The city of Zaira, for example, consists solely of "relationships between the measurements of its space and the events of its past"; you will recognise here a trace of a 'sixties cult which was known, if I remember rightly, as 'semiology', and Invisible Cities is concerned with the signs and the systems of signs which make up what sociologists call the 'modern city'. But academic generalities always have a gaggle of simple and boring moral judgements behind them, and this book is no exception: Sr Calvino tells us, for example, that we can only understand the past by travelling ever onward, that existence "in all of its moments is all of itself", and that you must give form to your desires in order to master them—a somewhat shaky ground on which to build his particular Tower of Babel. But Invisible Cities is not completely spurious. Sr Calvino has an unconventional imagination which concentrates upon clusters of objects, upon what is small, hard and visible, and in this way he can substantiate some of the more weightless hopes and anxieties which rarely find a local habitation, let alone a name. His imagination only becomes flaccid when it loses specificity, and retreats into sentimental surrealism. (pp. 214-15)

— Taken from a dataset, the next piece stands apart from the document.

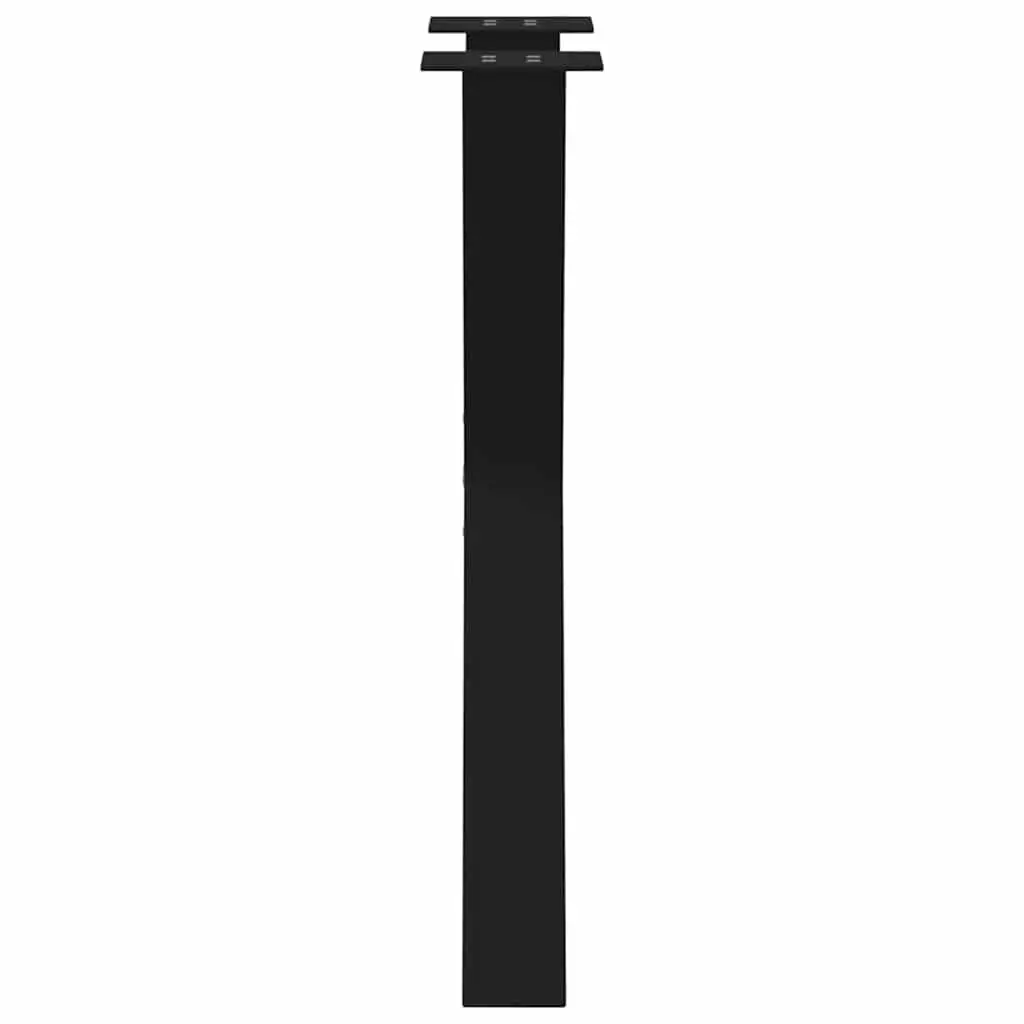 X-Shaped Dining Table Legs 60x72cm Black Steel Support 2 Pieces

Peter Ackroyd, in The Spectator (© 1975 by The Spectator; reprinted by permission of The Spectator), February 22, 1975.
Like Jorge Luis Borges and Gabriel García Márquez, Italo Calvino dreams perfect dreams for us; the fantasy of these three Latins ranges beyond the egoism that truncates and anguishingly turns inward the fables of Kafka and that limits the kaleidoscopic visions of Nabokov. Of the three, Calvino is the sunniest, the most variously and benignly curious about the human truth as it comes embedded in its animal, vegetable, historical, and cosmic contexts; all his investigations spiral in upon the central question of How shall we live? In "Invisible Cities" …, he has produced a consummate book, both crystalline and limpid, adamant and airy, intricate and ingenuous, playful yet "worked" with a monkish care upon materials of great imaginative density and resonance. The book, a sheaf of imaginary cities, combines the slightly brittle and programmatic science fiction of "Cosmicomics" and "t zero" with affectionate mood and elegiac landscapes of his earlier, more naturalistic stories. (p. 137)

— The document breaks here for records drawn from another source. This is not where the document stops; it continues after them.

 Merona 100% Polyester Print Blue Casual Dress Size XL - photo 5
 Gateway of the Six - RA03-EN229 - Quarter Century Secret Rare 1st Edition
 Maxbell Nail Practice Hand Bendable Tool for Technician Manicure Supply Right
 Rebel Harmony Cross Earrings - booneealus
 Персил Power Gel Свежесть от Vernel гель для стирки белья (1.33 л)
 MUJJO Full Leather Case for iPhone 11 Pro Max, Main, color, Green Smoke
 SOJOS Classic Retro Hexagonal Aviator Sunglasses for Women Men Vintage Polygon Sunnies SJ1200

Beneath Calvino's tireless shimmer of fancy, his concern over how men live together has carried into our minds…. Led to read on by the fascination of the details and the grave beauty of the prose, we find the civic ideal unfolding within us—the same ideal that underlay Calvino's most autobiographical short story, "The Watcher" (1963)….

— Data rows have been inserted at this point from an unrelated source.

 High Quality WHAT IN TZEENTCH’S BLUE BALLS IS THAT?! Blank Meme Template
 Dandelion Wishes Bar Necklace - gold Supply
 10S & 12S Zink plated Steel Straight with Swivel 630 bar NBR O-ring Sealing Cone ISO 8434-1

The indirectional, transactional method of "Invisible Cities" is the opposite of that of "Cosmicomics," which announces its idea at the outset—suppose human personalities to be present amid the geological and galactic events modern science describes—and then, more or less amusingly, but a trifle mechanically, executes it. The idea of "Invisible Cities" is not announced; it gradually dawns. (p. 138)
John Updike, "Metropolises of the Mind," in The New Yorker (© 1975 by The New Yorker Magazine, Inc.), February 24, 1975, pp. 137-40.